La sonnerie de mon Ipod retendit, encore ma mère ! Depuis la fin du tournage, je ne l’ai vue qu’une seule fois. Je lui manque, mais c’est loin d’être réciproque. Elle me rappelle tout ce que je veux oublier, la banlieue, les boulots de misère, l’appartement minuscule d’où on entendait baiser les voisins. De plus, avec ma vieille ce ne sont que jérémiades et lamentations. Elle s’est sacrifiée pour moi me dit-elle, et elle me reproche maintenant la médiocrité de sa vie. J’ignore l’appel.

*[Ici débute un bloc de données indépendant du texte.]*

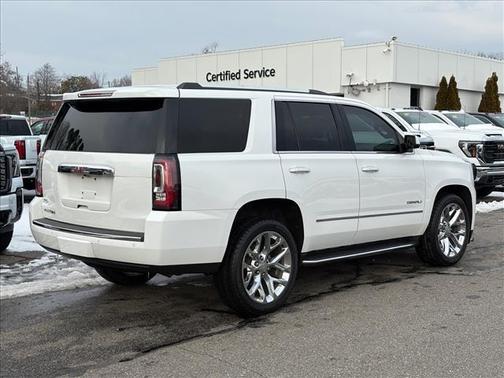 2020 GMC Yukon Denali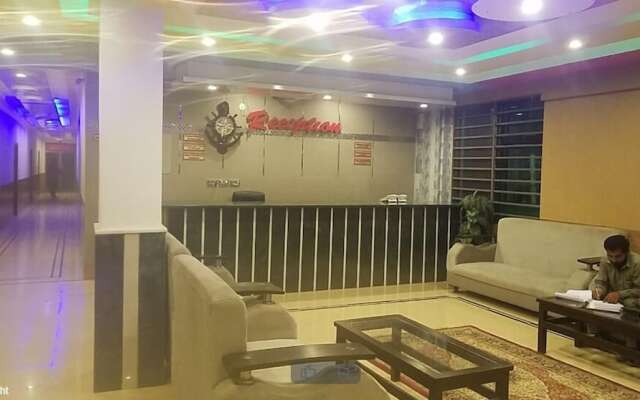 Al Hamrah Hotel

Après la boutique de fringues, je prends la direction du centre de beauté, et ce soir je dîner au resto avec le futur producteur de mon single. J’ai déjà affûté mon rôle, grand jeu de séduction au programme !
Dans le vaste salon, coiffeuses et esthéticiennes se disputent pour pouvoir s’occuper de moi. Certaines clientes osent m’aborder et me posent quelques questions, d’autres me flattent, je me rends compte que toutes ces femmes m’envient. Je réponds peu et me contente de sourire.
Encore ce portable qui sonne, ma mère, toujours ma mère, cela devient insupportable. Depuis la mort de mon père, elle s’est enfermée dans une routine dépressive, elle a tenté de m’entraîner avec elle, je me suis défendue. Je ne dois pas la laisser s’infiltrer dans ma nouvelle existence, elle est toxique, nous vivons désormais dans deux mondes différents. De plus, elle est capable de me réclamer de l’argent !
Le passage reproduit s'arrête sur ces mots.